Cacheing Lisp Image state

Instead of starting a new process and reloading FASLs everytime we compile a file, we could cache the state of forked Lisp processes each preloaded with various sets of FASL's and waiting for a command.

Elements of design

Module Header

Each file will carry as its first form a (xcvb:module ...) specification with all its compile-time and run-time dependencies, as well as an other optional elements such as name, nicknames, origin (see below), language (:COMMON-LISP or any future dialect), author, maintainer, licence, description, long-description, readtable, etc.

BUILD.lisp

When a directory is named as a module dependency, the file BUILD.lisp under this directory contains the dependency data for said module, and the directory is considered the origin of names for files under said directory.

Relative names

Naming of modules in a project are relative to the origin of the project in which the module resides. E.g. if the project is checked out under path #p"/ita/foo/qres/lisp/" then module "quake/macros" as named within the project will refer to file #p"/ita/foo/qres/lisp/quake/macros.lisp". If said file contains a reference to "quux/macros", this will be file #p"/ita/foo/qres/lisp/quux/macros.lisp". The origin of a project may be explicitly specified in a file, or inherited from the BUILD.lisp in the current directory or one of its ancestors. (If no origin is specified and no such BUILD.lisp is found, then this is an error.)

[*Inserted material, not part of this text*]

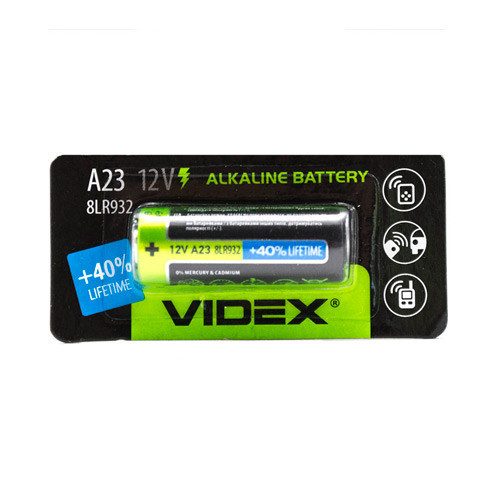 Батарейка Videx A23 12V 23A MS21 8LR932 алкалиновая 12В для пультов сигнализаций и электроники Киев - изображение 1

Replacing ASDF, not extending it

Both the surface declaration syntax and the compilation semantics of XCVB are significantly different from ASDF that XCVB cannot be made trivially as an extension of ASDF. Reuse of the ASDF design or code base could nevertheless be possible and desirable, but the topic hasn't been examined in detail yet.

Distributed Caching

Distributed Caching will be based on a Tiger Hash value of a specification of the computation to happen to compute the cached object. Said specification shall include a hash of the compiler binary used and its installation, the name and hashed contents of the object files loaded and other operations performed, etc.

Cross-Compilation

We will engineer XCVB so that various kinds of cross-compilation are possible: using XCVB to generate static Makefile or SCons dependencies (if dependencies are indeed static for said project), using XCVB as compiled into a given Lisp implementation to drive compilation of code with a different implementation (or version of same implementation), etc. XCVB will not be driven by the paradigm of a "One True Lisp World".

Integration with ASDF

Easy ways to integrate XCVB and ASDF will be provided: XCVB will be able to load ASDF systems, and ASDF will be able to load XCVB systems.